Family & Culture with Linh

My favourite part of travelling has always been cultural immersion. Since I had already had a chance to explore the hottest touristy spots and relax on the beach during the pre-trip and our weekend getaways (stay tuned for a separate blog post), I decided to go back to the homestay family and spend a week with them and take more language lessons at Viva Spanish. On top of that, I stayed in Managua to volunteer with Vital Voices —– the not-for-profit organization empowering emerging women leaders and entrepreneurs around the world. I was matched with a local entrepreneur to guide and mentor her on her family start-up.
That week the house was full of people: besides regular family members and me, we had the family’s aunt and uncle visiting from the States and my new housemates moving in — two medical students from the States. Also my homestay family’s grandma came by and spent most afternoons with us. Being an only child and raised by parents far away from relatives, it was my first time living in a house full of people of different ages, and I absolutely loved it! It was great having so many people to interact with in different ways: I did homework with little brothers, watched a TV show with grandma, helped mamá with chores, and listened to host father’s work stories. The family also took us out to the neighbour’s birthday party — an event with live music, dancing, and lots of Nicaraguan food. We learned that Nicaraguans are very close with most of their neighbours. Moreover, relatives usually live on the same street or at least in the same part of the city.

To encourage ourselves to practise Spanish, my American friends and I came up with a fun game: we weren’t allowed to speak English in the house. If any of us said a word in English, he or she put 20 córdobas (almost 1 Canadian Dollar per word) in a jar — the money accumulated over the week was spent on buying something for the family. If there was something important to say in English, we either went to the backyard or outside of the gate on the streets. Happily, by the end the week, we had only $210 córdobas in the jar.
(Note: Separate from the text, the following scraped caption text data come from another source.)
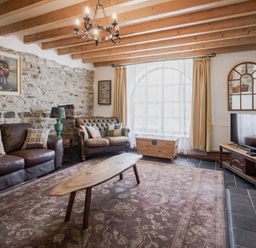 A living room with a coffee table and sofa at Coach House in Llangrannog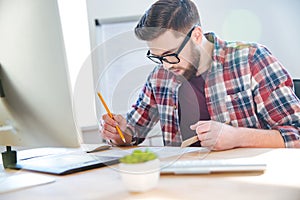 Handsome concentrated man working with blueprint using ruler and pencil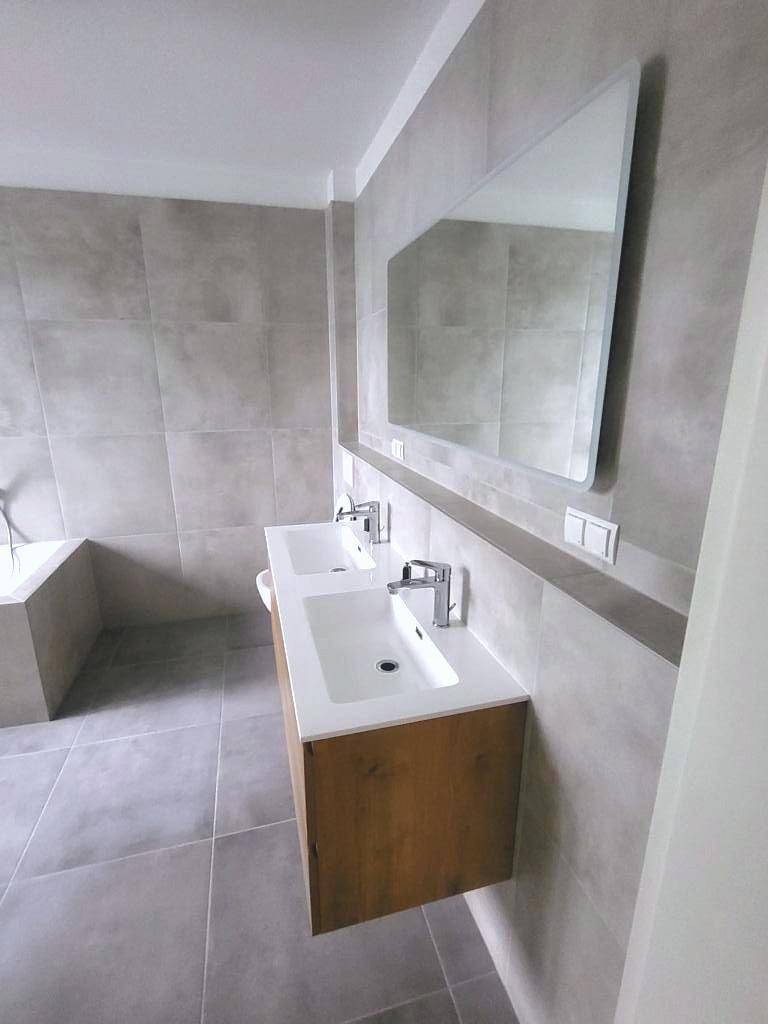 Elegantes Badezimmer mit Doppelwaschbecken und großem Spiegel, in neutralen Grautönen gehalten.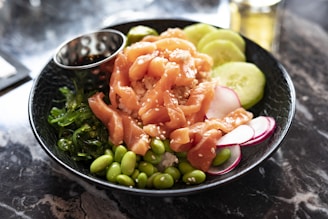 A black bowl contains a colorful poke dish featuring fresh, sliced salmon with sesame seeds, accompanied by edamame beans, sliced cucumbers, seaweed salad, and thin radish slices on a bed of rice. A metallic sauce cup is nestled inside the bowl. The setting is on a marble surface.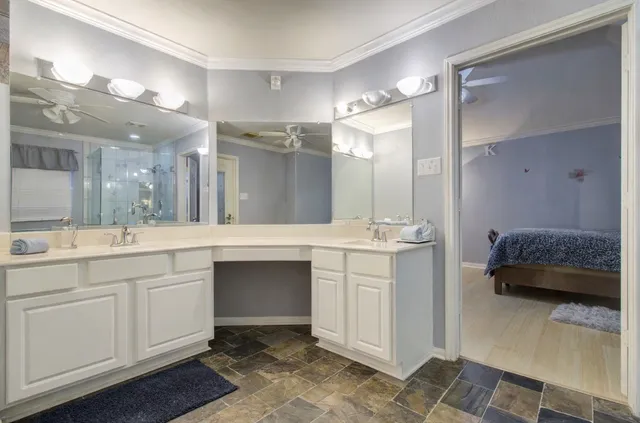 a spacious bathroom with a double vanity sink mirror and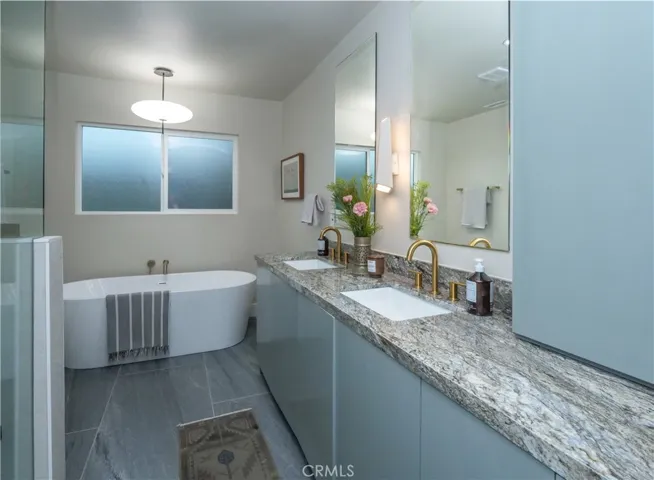 Primary bathroom with soaking tub and walk in shower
A shot of Linh enjoying the pool with her welcoming host family.

Linh (right) enjoying the pool with her welcoming host family.

We spent the weekend in Matagalpa, the beautiful mountainous region of Nicaragua with a mild climate and amazing coffee. It is also known as the “Pearl of the North” and “Land of Eternal Spring.” Although I am usually a typical urban dweller and not much of a nature person, it was so refreshing to get away from the hustle and bustle of the capital and enjoy the weekend of hiking through the natural reserves, visiting local farms, and jumping off the waterfalls. We even caught a dance show on a Saturday evening performed by artists from Guatemala and learned a lot about the history of Nicaragua’s neighbour and women’s rights in that country.